Records supplied -
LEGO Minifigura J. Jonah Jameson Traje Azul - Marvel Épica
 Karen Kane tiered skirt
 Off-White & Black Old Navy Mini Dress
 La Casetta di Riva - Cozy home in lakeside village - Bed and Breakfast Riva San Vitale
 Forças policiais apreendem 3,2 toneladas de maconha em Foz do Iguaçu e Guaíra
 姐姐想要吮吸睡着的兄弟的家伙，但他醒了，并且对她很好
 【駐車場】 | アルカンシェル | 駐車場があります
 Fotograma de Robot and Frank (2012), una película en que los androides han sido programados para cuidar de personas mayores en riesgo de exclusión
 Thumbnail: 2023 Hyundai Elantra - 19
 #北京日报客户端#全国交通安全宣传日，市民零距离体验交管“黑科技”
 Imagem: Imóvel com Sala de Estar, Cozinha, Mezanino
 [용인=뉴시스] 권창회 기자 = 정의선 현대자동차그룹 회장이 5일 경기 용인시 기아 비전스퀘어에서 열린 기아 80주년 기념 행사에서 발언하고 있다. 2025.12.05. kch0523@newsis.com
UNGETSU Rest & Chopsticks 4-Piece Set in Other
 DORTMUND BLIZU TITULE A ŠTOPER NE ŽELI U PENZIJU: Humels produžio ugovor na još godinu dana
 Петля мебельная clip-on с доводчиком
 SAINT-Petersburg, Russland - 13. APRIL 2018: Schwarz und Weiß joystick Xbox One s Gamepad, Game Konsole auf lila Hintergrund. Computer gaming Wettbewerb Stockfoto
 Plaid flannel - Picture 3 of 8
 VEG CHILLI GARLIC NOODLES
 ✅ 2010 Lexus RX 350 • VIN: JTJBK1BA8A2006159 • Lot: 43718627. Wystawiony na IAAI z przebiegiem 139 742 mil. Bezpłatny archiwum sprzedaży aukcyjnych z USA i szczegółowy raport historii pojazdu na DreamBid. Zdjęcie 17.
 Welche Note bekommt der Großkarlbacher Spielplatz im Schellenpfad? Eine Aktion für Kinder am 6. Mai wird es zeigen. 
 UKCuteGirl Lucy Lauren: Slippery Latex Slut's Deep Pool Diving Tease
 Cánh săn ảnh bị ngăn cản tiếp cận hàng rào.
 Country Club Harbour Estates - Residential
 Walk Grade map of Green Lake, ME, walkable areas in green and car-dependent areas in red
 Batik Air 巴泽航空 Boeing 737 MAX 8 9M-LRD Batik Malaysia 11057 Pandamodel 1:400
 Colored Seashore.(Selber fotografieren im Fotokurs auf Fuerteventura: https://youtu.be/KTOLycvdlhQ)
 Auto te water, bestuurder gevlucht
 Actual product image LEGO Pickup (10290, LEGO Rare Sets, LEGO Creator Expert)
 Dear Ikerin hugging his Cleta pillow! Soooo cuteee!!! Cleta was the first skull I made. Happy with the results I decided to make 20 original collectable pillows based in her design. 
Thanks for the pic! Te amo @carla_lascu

Exercise - Copy, exactly and only, the lines above that begin with the one containing "Off-White & Black Old Navy Mini Dress" and finish with the one containing "Thumbnail: 2023 Hyundai Elantra - 19".

Result for this task -
 Off-White & Black Old Navy Mini Dress
 La Casetta di Riva - Cozy home in lakeside village - Bed and Breakfast Riva San Vitale
 Forças policiais apreendem 3,2 toneladas de maconha em Foz do Iguaçu e Guaíra
 姐姐想要吮吸睡着的兄弟的家伙，但他醒了，并且对她很好
 【駐車場】 | アルカンシェル | 駐車場があります
 Fotograma de Robot and Frank (2012), una película en que los androides han sido programados para cuidar de personas mayores en riesgo de exclusión
 Thumbnail: 2023 Hyundai Elantra - 19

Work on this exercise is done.